Новый образ Мадрида денационализирован и деконкретизирован, но, с другой стороны, и сильно идеологизирован. Вместе с тем в описаниях сражающегося Мадрида то и дело возникает мотив его связи с Москвой («Издалека сквозь мглу светит нам сюда великий маяк — Москва»[765]; «Но Мадрид, усталый, голодный, окровавленный Мадрид верен […] и благодарен своим друзьям. На арке Алкала, обращенной к северо-востоку, к Москве, издалека видны крупные портреты Ленина, Сталина, Ворошилова»)[766].

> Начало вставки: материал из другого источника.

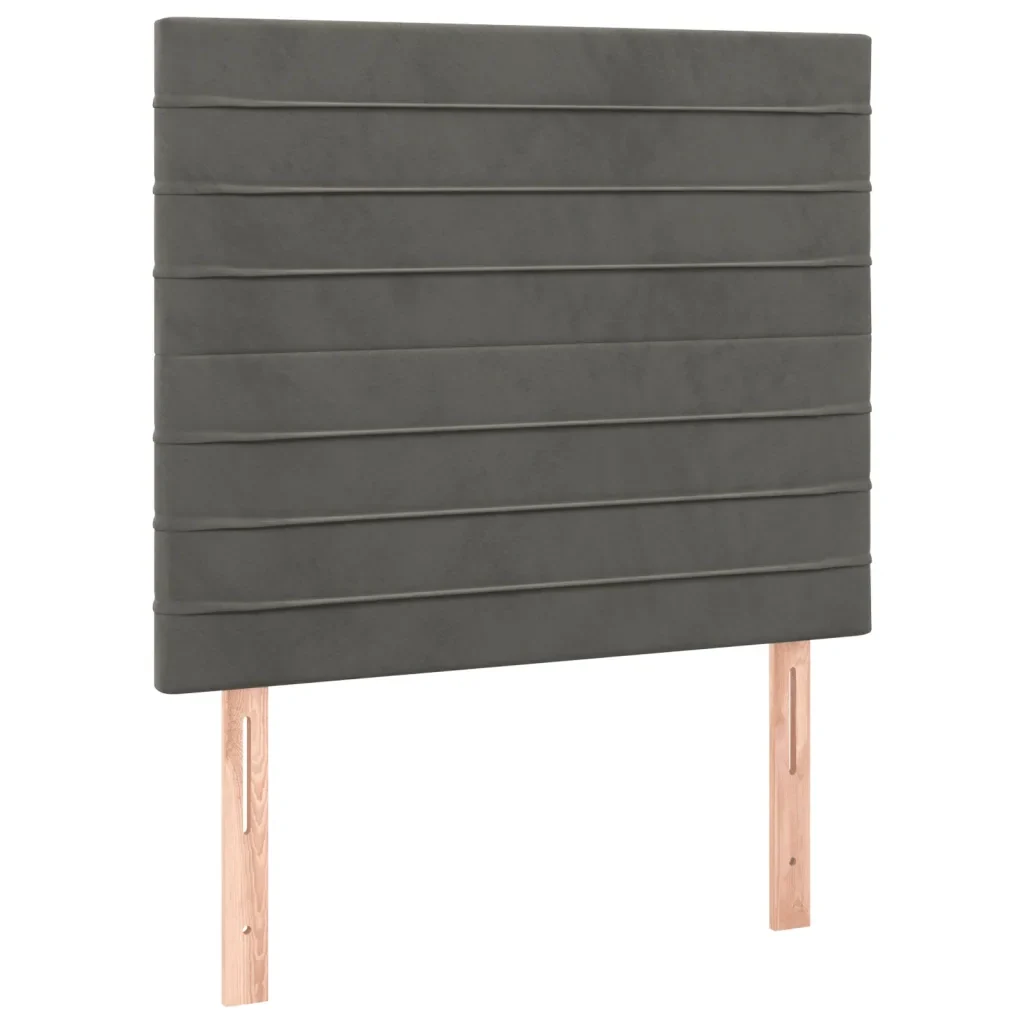 Letto singolo | Letto per adulti | Giroletto senza Materasso Grigio Scuro 100x200 cm Velluto - Image 8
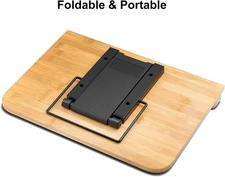 Bamboo Book Stand, Large Book Holder with 6 Adjustable Height, Foldable Cookb...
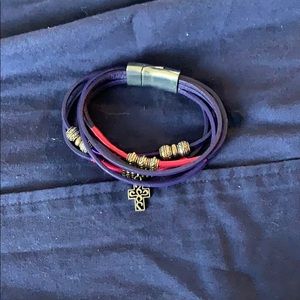 purple and pink cross bracelet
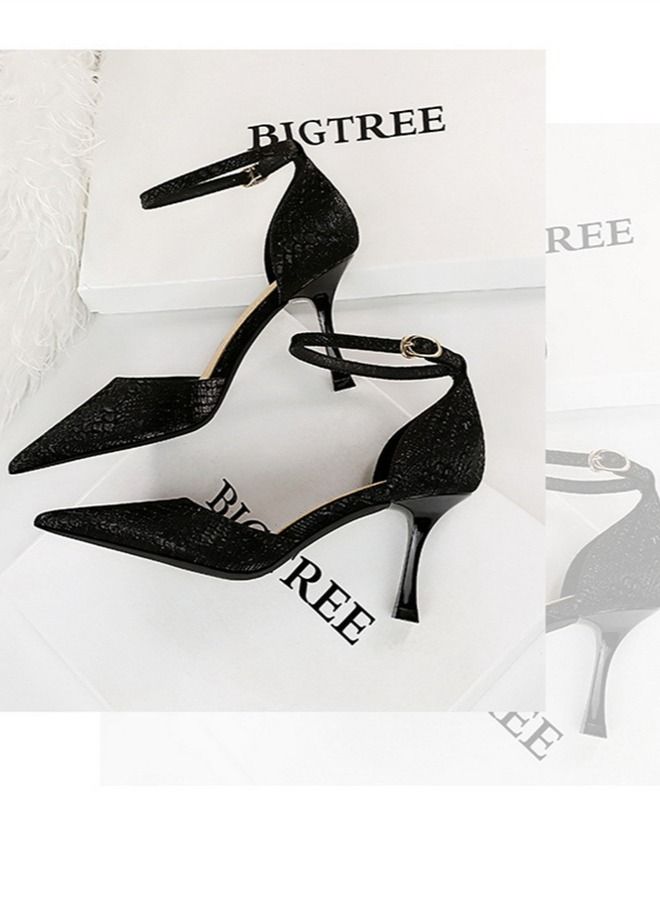 BIGTREE Pointed One-Line High-Heeled Sandals 8CM Black - Image 2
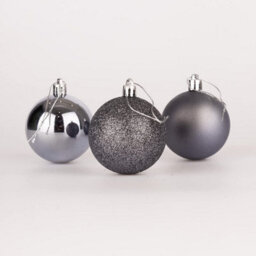 Shatchi 50mm/12Pcs Christmas Baubles Shatterproof Dark Grey,tree Decorations - thumbnail 1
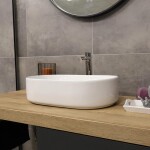 Mereo Umývadlo na dosku bez prepadu, Celie, 530x315x135 mm, okrúhle, keramické - pre zaslanie na palete UC533214O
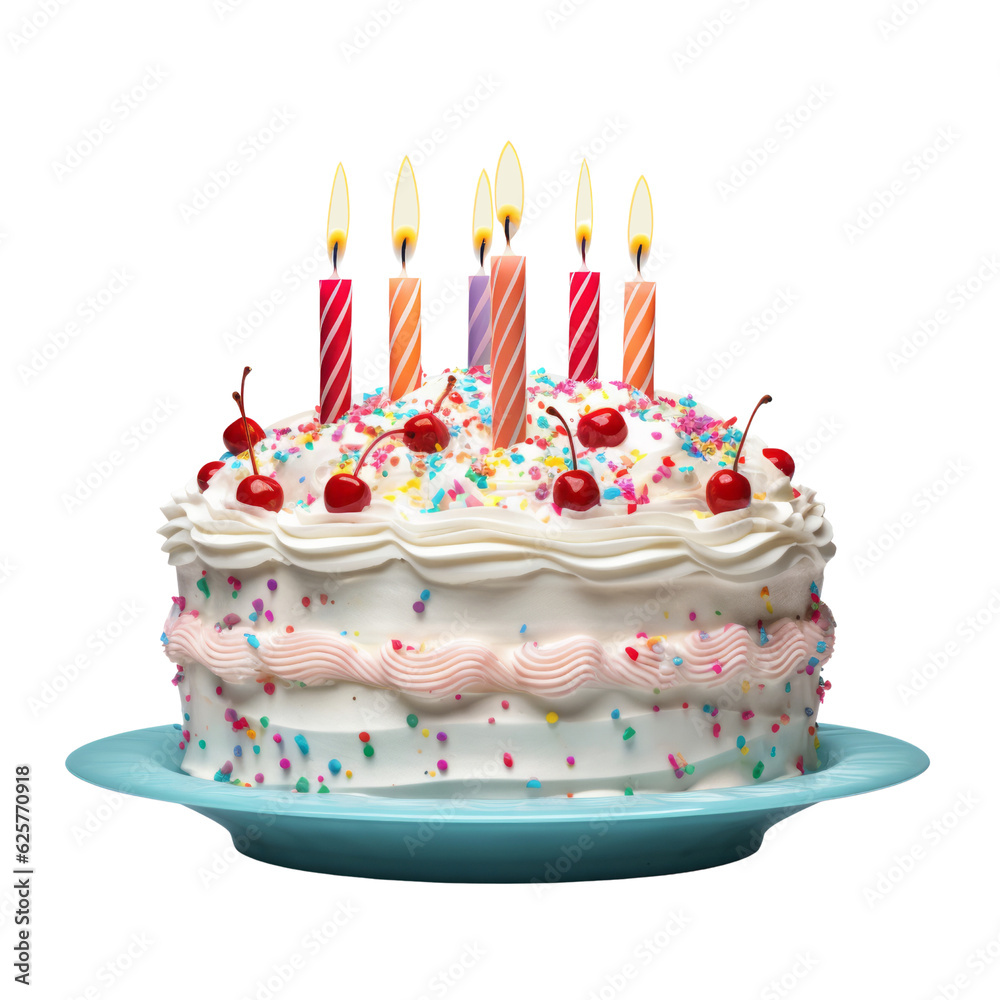 birthday cake with candles isolated on transparent background cutout ...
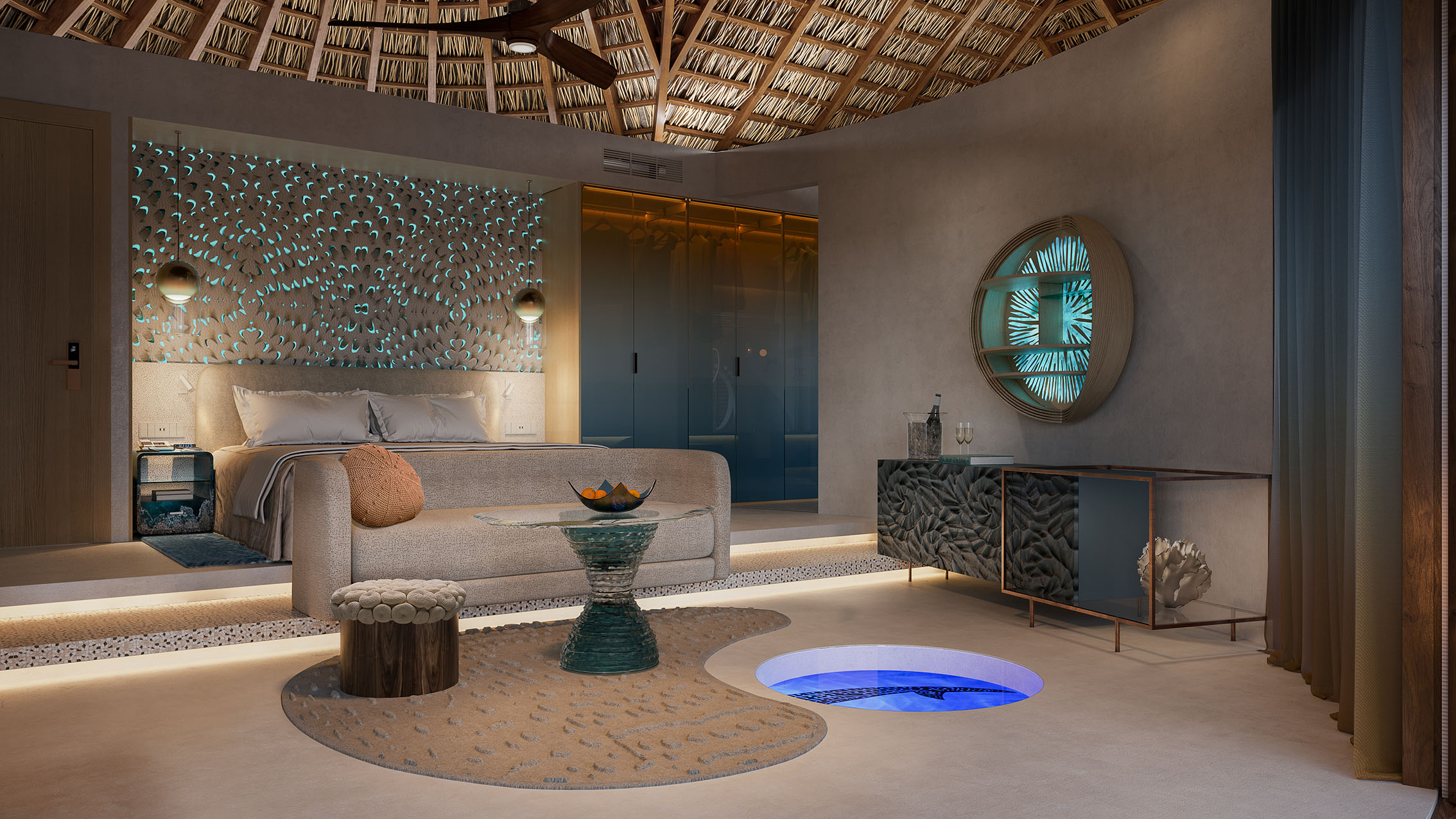 Fabulous Overwater Oasis Interior Night View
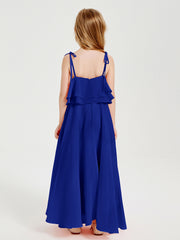 Chiffon Junior Bridesmaid Dresses Long Cascading Skirt Royal Blue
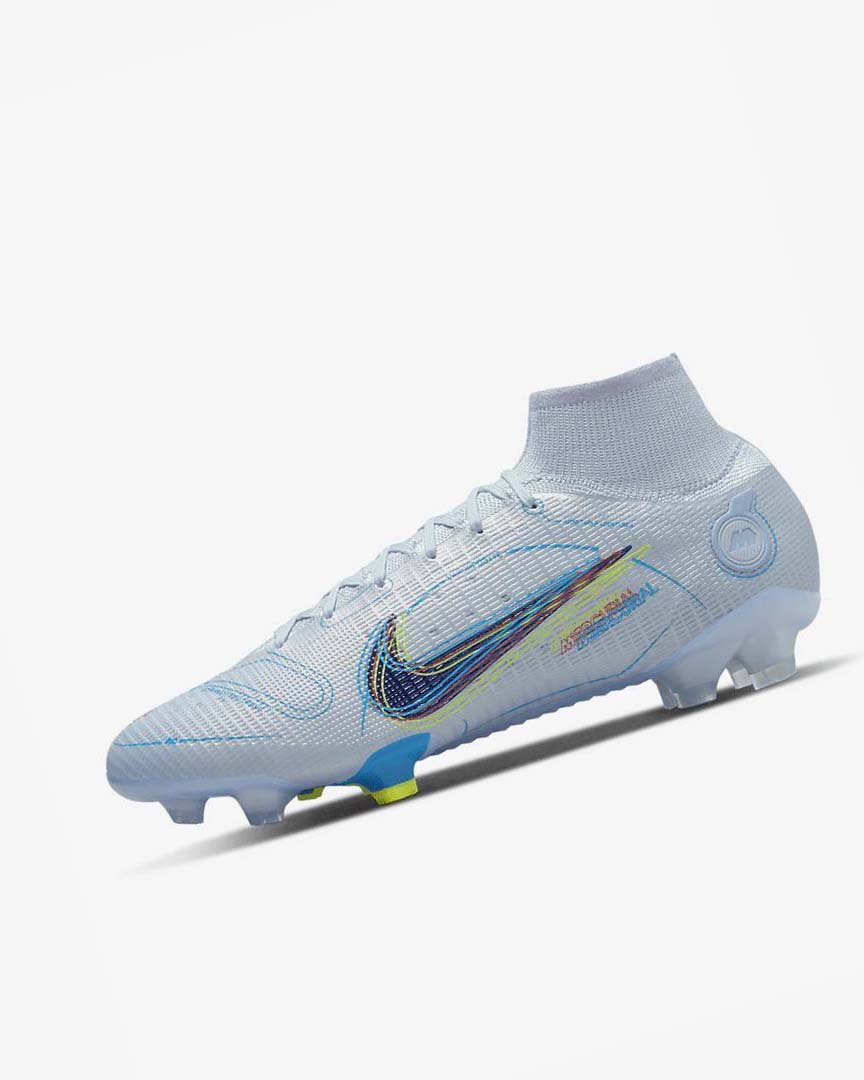 Grey / Light Blue / Blue / Blue Nike Mercurial Superfly 8 Elite FG Men\'s Soccer Cleats | CA_2320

Таким образом, тенденция к оценочному противопоставлению национального и идеологического начал и к последующему снабжению позитивно оцениваемого идеологического начала советскими «национальными» признаками сохраняется и в военных репортажах Кольцова.
V. Обобщения и выводы
Исходя из приведенного вначале тезиса Вольфцеттеля о том, что в современном путевом очерке каждый видимый объект имеет скрытый смысл, который должен быть расшифрован читателем/ рассказчиком, в настоящей статье было показано, как в советских очерках об Испании увиденное наполнялось идеологическим содержанием и как это содержание, а также литературные приемы изображения менялись в процессе развития от путевого очерка к военному репортажу. Константой при этом развитии остается сильная тенденция к стереотипизации текстов. Национальные стереотипы Испании и испанцев используются при изображении «чужого», причем частично они (например, старый комплексный стереотип «романтической Испании» со всеми ее атрибутами у Никулина) признаются стереотипами и отклоняются, частично же позиционируются как соответствующие действительности (новый стереотип испанского национального характера, отличающегося «лицемерием» у Кольцова, «непунктуальностью» и «легкомыслием» у Никулина и «исконностью» у Эренбурга). У Никулина и Кольцова «чужое» необходимо преодолеть, чтобы утвердить «свое»; эта идея сближает их путевые и военные очерки с отчетами колонизатора или миссионера. У Эренбурга «чужое» символизирует потерянный рай, встреча с ним провоцирует внутренний конфликт рассказчика (или автора).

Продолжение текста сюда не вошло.